Legislators Trimmed $18 Million Over Two Years

State legislators have cut more than $18 million in substance abuse
treatment funds for parolees, probationers and juvenile offenders over
the next two years.

The budget, now before Gov. Mark R. Warner, has alarmed substance
abuse treatment professionals as well as advocates for inmates who
contend that, in the long run, cutting the treatment programs will
lead to more crime.

The money would have been provided under the Substance Abuse Reduction
Effort, or SABRE program.

Created two years ago, SABRE was touted as a balanced approach to the
drug problem that addressed treatment and prevention along with
tougher drug law enforcement.

In each of the next two years the budget trims $4.4 million in SABRE
treatment funds from the Department of Corrections, $2.3 million from
the Department of Juvenile Justice and $2.5 million from the
Department of Criminal Justice Services.

"This is the most catastrophic cut in offender substance abuse
treatment ever in Virginia," said V. Morgan Moss, co-director of the
Center for Therapeutic Justice in Williamsburg.

"This will affect tens of thousands of offenders with substance abuse
problems at all different levels."

Moss is concerned about not only the SABRE cuts but also other
proposed cuts affecting such programs as drug courts, which will lose
part of $3.4 million in revenue generated by court fines and fees
previously designated for drug courts.

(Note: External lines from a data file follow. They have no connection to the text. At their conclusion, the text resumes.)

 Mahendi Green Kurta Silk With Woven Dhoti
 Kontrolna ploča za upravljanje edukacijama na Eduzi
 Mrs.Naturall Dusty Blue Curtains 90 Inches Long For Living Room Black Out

He is also concerned about the
Pre-Release and Post-Incarceration Services program, which will lose
$2.2 million next year.

"Without this important assistance for drug offenders, we will surely
see a rise in the number of men and women who are imprisoned for
crimes ranging from simple possession, crimes to support drug habits,
and crimes that are enabled by substance abuse," said Jean Auldridge,
director of Virginia Citizens for the Reform of Errants.

Auldridge said CURE urges Warner to restore the SABRE and other
treatment money to the budget.

State Sen. Kenneth W. Stolle, R-Virginia Beach and chairman of the
Senate Finance Committee's subcommittee on public safety, could not be
reached for comment.

But in a briefing to the full committee last month he said that care
was taken not to cut any of the public safety departments' "core functions."

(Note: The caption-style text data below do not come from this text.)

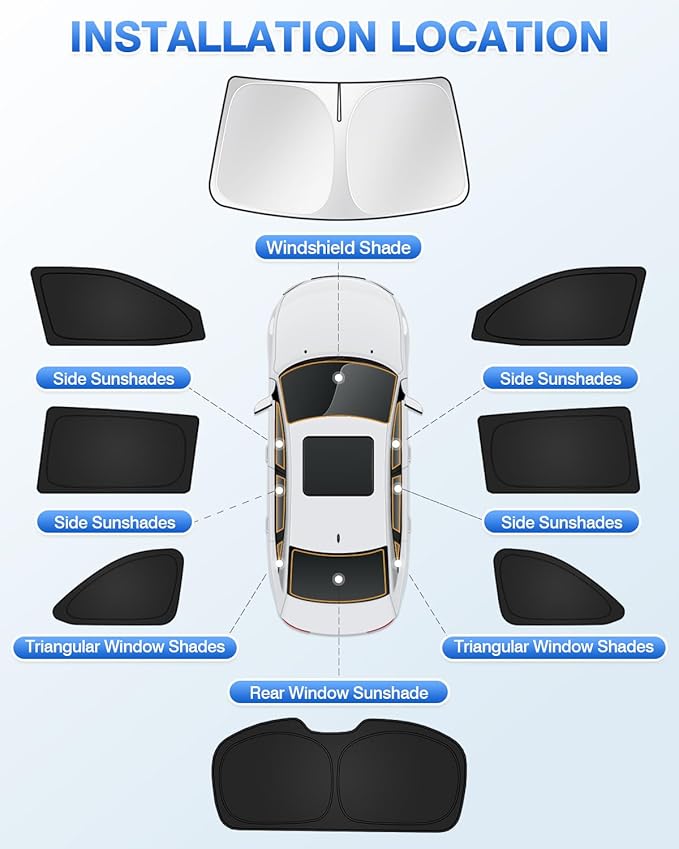 Canvcle Sunshades for Toyota Highlander 2014-2019 Accessories Windshield Sun Shade Side Rear Window Shade Cover Sun Visor Shield Privacy Protection Keep Vehicle Cool Black 8PCS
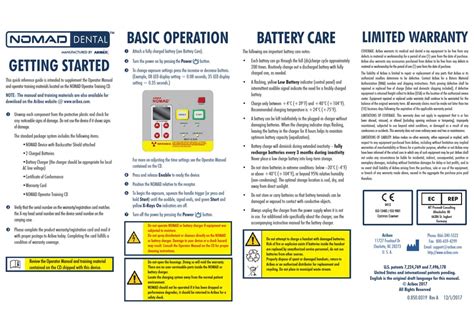 ARIBEX NOMAD DENTAL OPERATOR'S MANUAL Pdf Download | ManualsLib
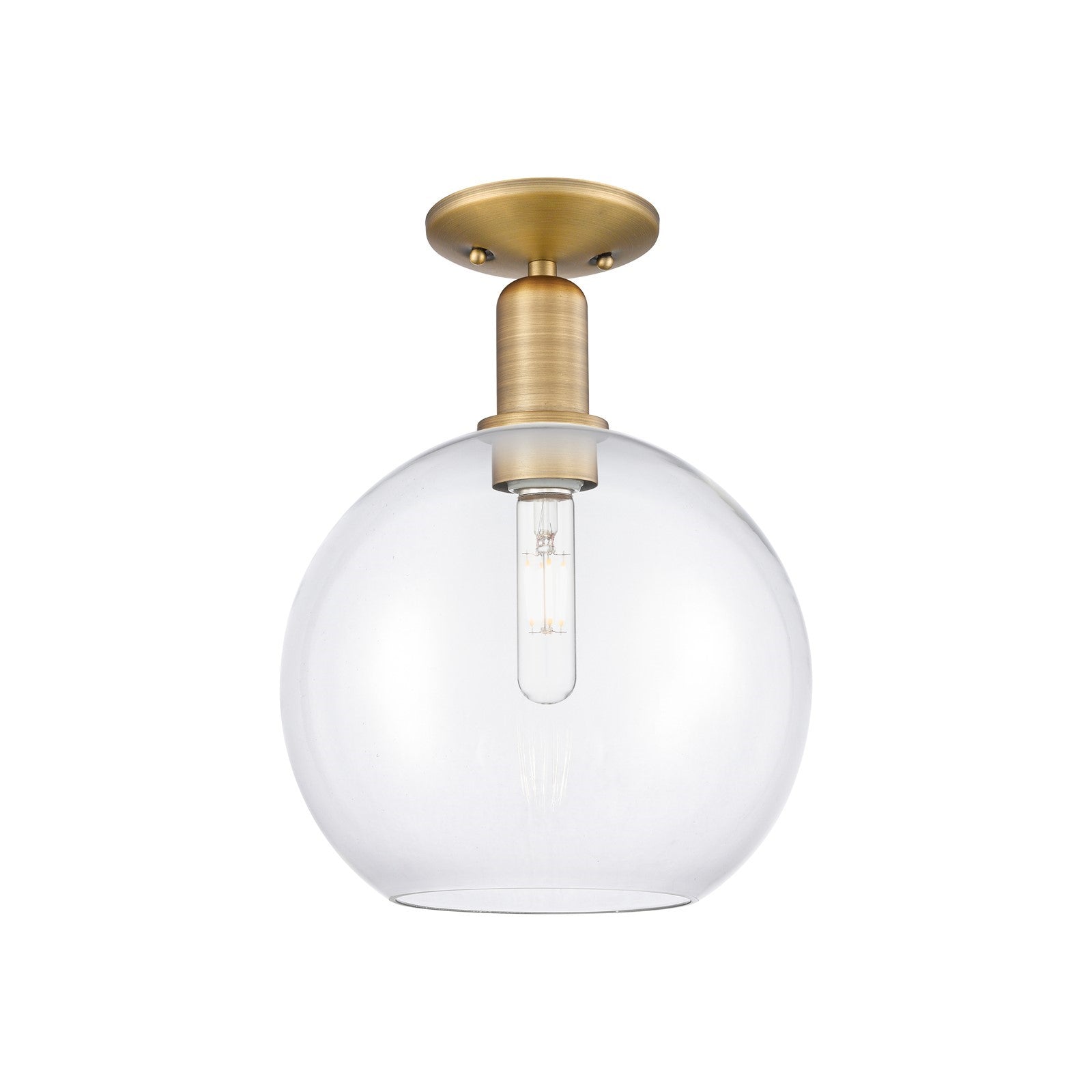 Innovations Athens 10in 1-Light Semi-Flush Mount | Industrial Brushed Brass Steel and Clear Glass | Entryway & Hallway | 10 x 10 | Model 716-1C-BB-G122-10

"We have given long and careful attention to these reductions and have
not taken lightly our responsibility to ensure that they are fairly
and judiciously applied," he said.

Representatives of the three public safety departments affected by the
SABRE cuts said that they will be able to continue the bulk of their
substance abuse treatment programs.

For instance, the treatment programs offered by the Department of
Juvenile Justice in its juvenile correctional centers will continue
operating.

The loss of SABRE funds affects money used to buy treatment services
for non-incarcerated offenders through local Community Service Boards,
a spokeswoman said.

And a spokesman for the Department of Criminal Justice Services said
the SABRE funds would have been used to "beef up" the roughly $18.5
million the department uses to fund treatment for 36 local community
corrections programs across the state each year.

Nevertheless, Walter M. Pulliam Jr., head of community corrections for
the Department of Corrections, said "the impact across the criminal
justice system is pretty substantial."

"It will not substantively reduce programs" inside the state prisons,
but it will have widespread effects on community corrections programs
for offenders who are not incarcerated but in need of substance abuse
treatment, Pulliam said.

About 64 percent of offenders in community corrections programs have
substance abuse problems, he said.

"One of the ways of producing public safety is reducing the dependence
on drugs and if you are able to do that then maybe you can reduce
criminal activity" used to support drug habits, he said.